[Record extracts — start]
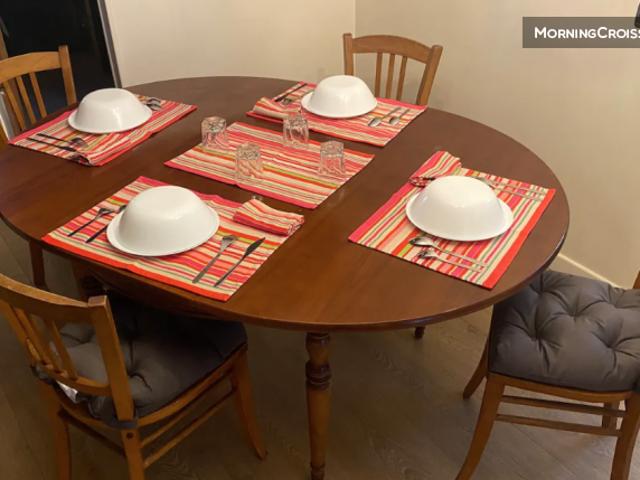 Appartement location à Saint-Germain-en-Laye, Achères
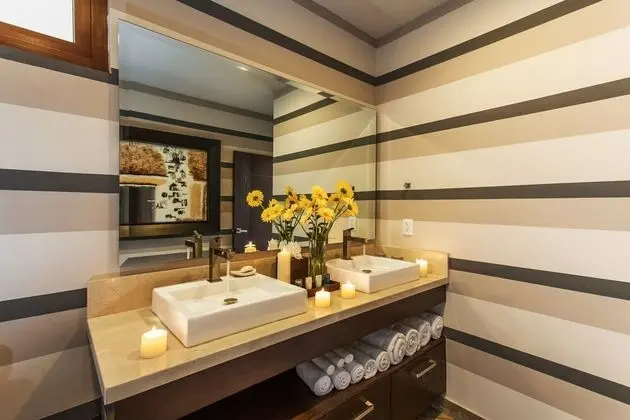 Luxury Çatı Katı Süiti (Penthouse), 1 Yatak Odası, Dağ Manzaralı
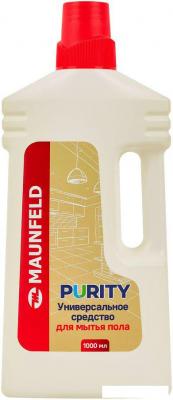 Средство для пола MAUNFELD Purity MFC1000WU 1000 мл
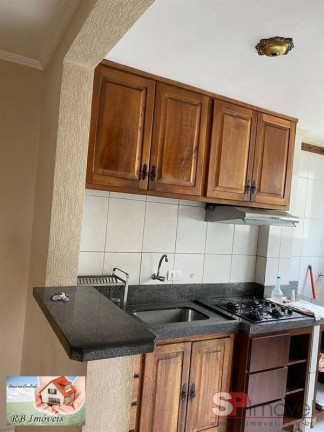 Apartamento com 3 Quartos à Venda, 90 m² em Paulicéia - São Bernardo Do Campo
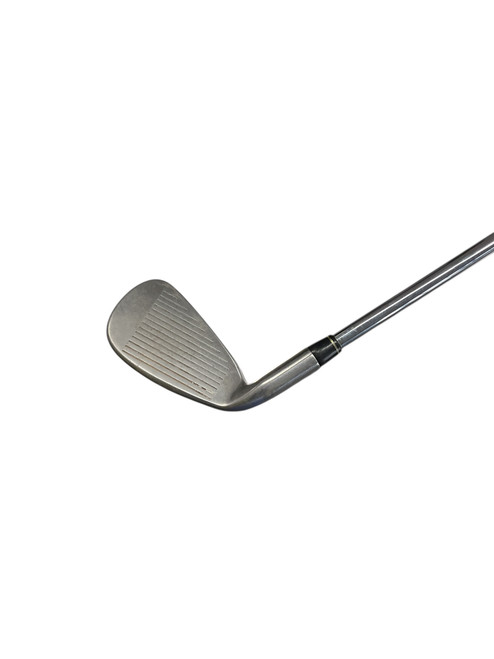 Vist Large View of Product Image Which is Used Taylormade RAC Mens Individual Iron RH 4 Iron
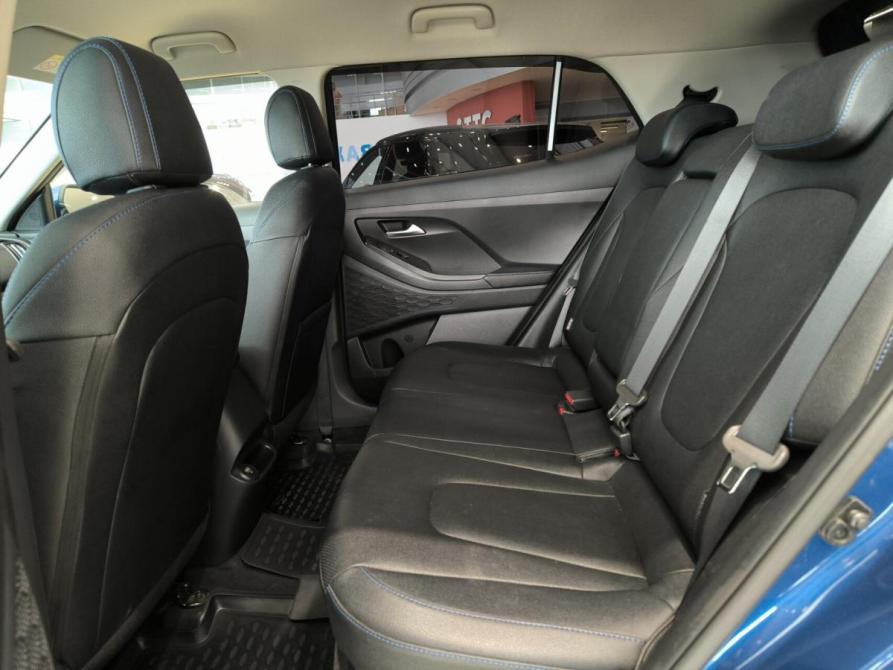 Hyundai Creta II Казань  - изображение 15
[Record extracts — finish]
» Problem to work on
Give again, word for word, only the lines from the one with "Apartamento com 3" through the last line of the entries, both included; no pictures go in the copy.

» Task result
 Apartamento com 3 Quartos à Venda, 90 m² em Paulicéia - São Bernardo Do Campo
 Vist Large View of Product Image Which is Used Taylormade RAC Mens Individual Iron RH 4 Iron
 Hyundai Creta II Казань  - изображение 15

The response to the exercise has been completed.